··· Data below ···
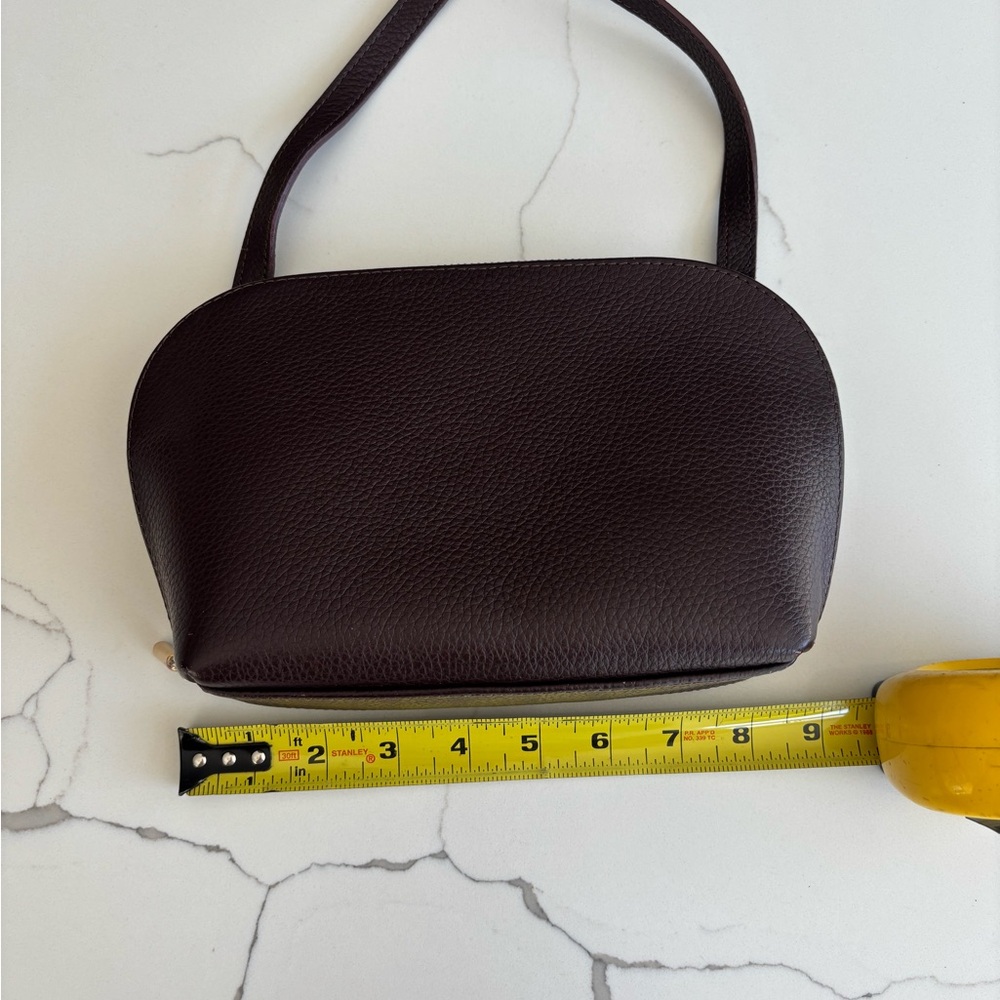 Cuyana Dark Brown Leather Crossbody Bag - Picture 8 of 8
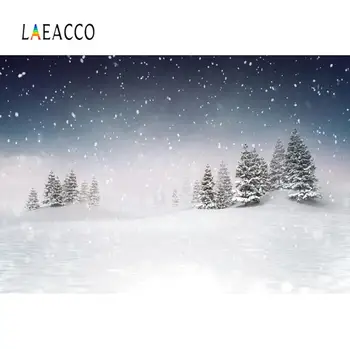

Winter Forest Backgrounds For Photography Pine Tree Snow Snowflake Natural Outdoor Scenic Photo Backdrop Photo Studio Photocall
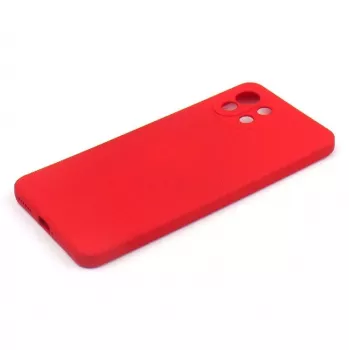 Evelatus capa de silicone Nano Soft Touch TPU para Xiaomi Mi 11 Lite / 11 Lite 5G / 11 Lite 5G NE - vermelha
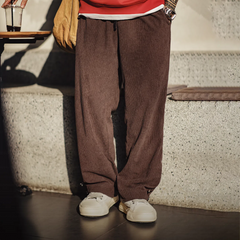 MADEN Karierte Cord-Hose – Relaxed Fit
···
- [What the task requires]: Repeat the material line for line. Pictures stay out of the copy.

- [Solution to the exercise]:
 Cuyana Dark Brown Leather Crossbody Bag - Picture 8 of 8

Winter Forest Backgrounds For Photography Pine Tree Snow Snowflake Natural Outdoor Scenic Photo Backdrop Photo Studio Photocall
 Evelatus capa de silicone Nano Soft Touch TPU para Xiaomi Mi 11 Lite / 11 Lite 5G / 11 Lite 5G NE - vermelha
 MADEN Karierte Cord-Hose – Relaxed Fit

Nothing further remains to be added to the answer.